Jochen Borchert, fünf Jahre Landwirtschaftsminister, sagte ein bereits zugesagtes "Panorama"-Interview zu diesem Thema wieder ab. Borchert verhinderte noch mehr, wie zum Beispiel 1998 den Schnelltest. Vor zwei Jahren schon hielt die EU flächendeckende Tests auf BSE für dringend erforderlich. Die Kommission empfohl, den Schnelltest in der gesamten EU einzusetzen. Aber wieder blockierte Borchert in Brüssel - auch dazu kein Interview.

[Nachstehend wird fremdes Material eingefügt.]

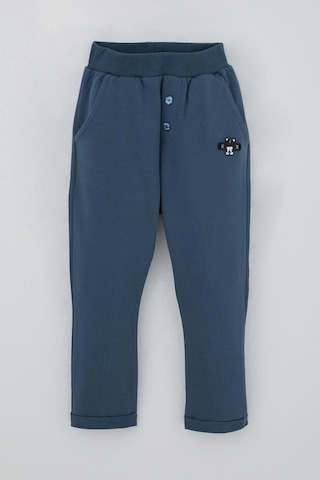 Breeze Erkek Bebek Eşofman Altı Ayıcık Armalı Düğme Aksesuarlı 9 Ay-3 Yaş, İndigo İndigo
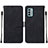 Custodia Portafoglio In Pelle Cover con Supporto YB2 per Nokia G22 Nero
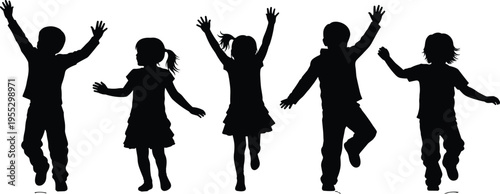 Happy children black silhouette set featuring active boys and girls jumping dancing and playing with raised hands for childhood and school education design.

August 2000 - Bayern gegen Brüssel: Die Vorschrift zur Entnahme von Risikomaterial wird endlich europaweit vorgeschrieben, Deutschland ist überstimmt. Aber immer noch gibt es deutsche Minister, die so etwas verhindern wollen. So die bayerische Gesundheitsministerin Barbara Stamm. Sie forderte die Bundesregierung im August gar auf, gegen Europa zu klagen.

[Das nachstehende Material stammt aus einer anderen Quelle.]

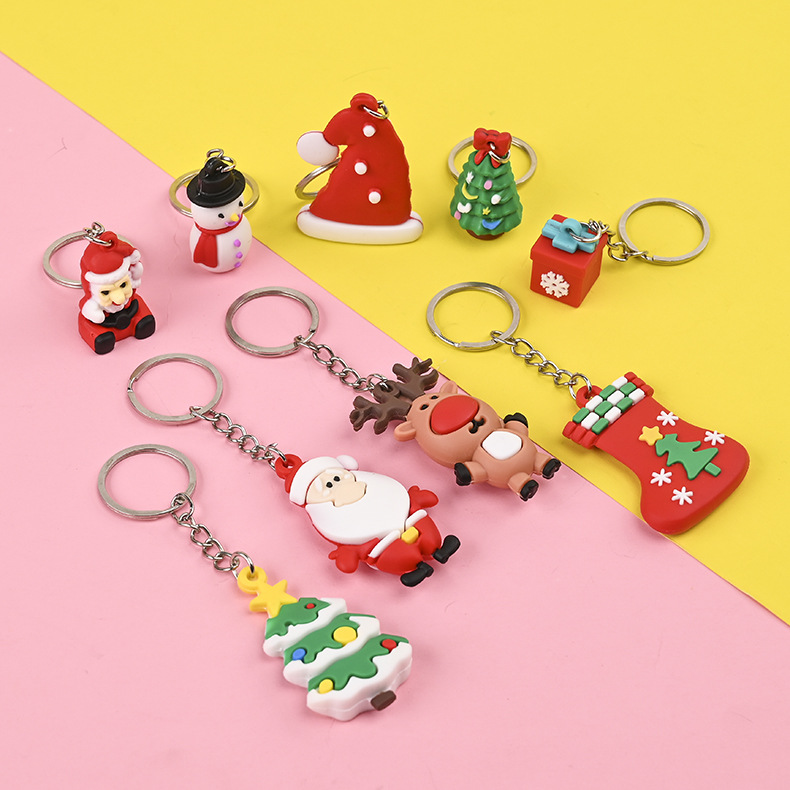 Cross-border new keychain creative pendant Christmas series snowman elk stereo doll spot wholesale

Auf die Frage, ob es ihr im Nachhinein leid tue, antwortet Barbara Stamm: "Ich glaube, das habe ich jetzt nicht nur einmal, sondern wiederholt zum Ausdruck gebracht, dass ich im Nachhinein einmal einen solchen Inhalt eines Briefes, was das Risikomaterial anbelangt, nicht mehr schreiben würde." Im August hätte aber auch in München längst klar sein müssen, dass Bayern nicht BSE-frei sein kann. Doch die Staatsregierung blockierte weiter.

Dazu Friedrich Graefe zu Baringdorf von den Bündnis 90/Die Grünen und von 1996 bis 1997 Mitglied im BSE-Untersuchungsausschuss: "Frau Stamm, die noch im Oktober in Brüssel - und das ist protokollarisch belegt - gesagt hat: Bayern wird keine Maßnahmen gegen BSE ergreifen, weil wir kein BSE-Problem haben."

Auf dieses Versagen angesprochen - eine eindeutige Reaktion von Barbara Stamm: "Wissen Sie, ich mag jetzt nicht mehr, tut mir schrecklich leid."

Edmund Stoiber hat sich heute noch einmal vor seine Minister gestellt. Das hat Gerhard Schröder bei seinen beiden Ministern auch ziemlich lange gemacht, bis er sie zum Rücktritt zwang. Schau'n mer mal.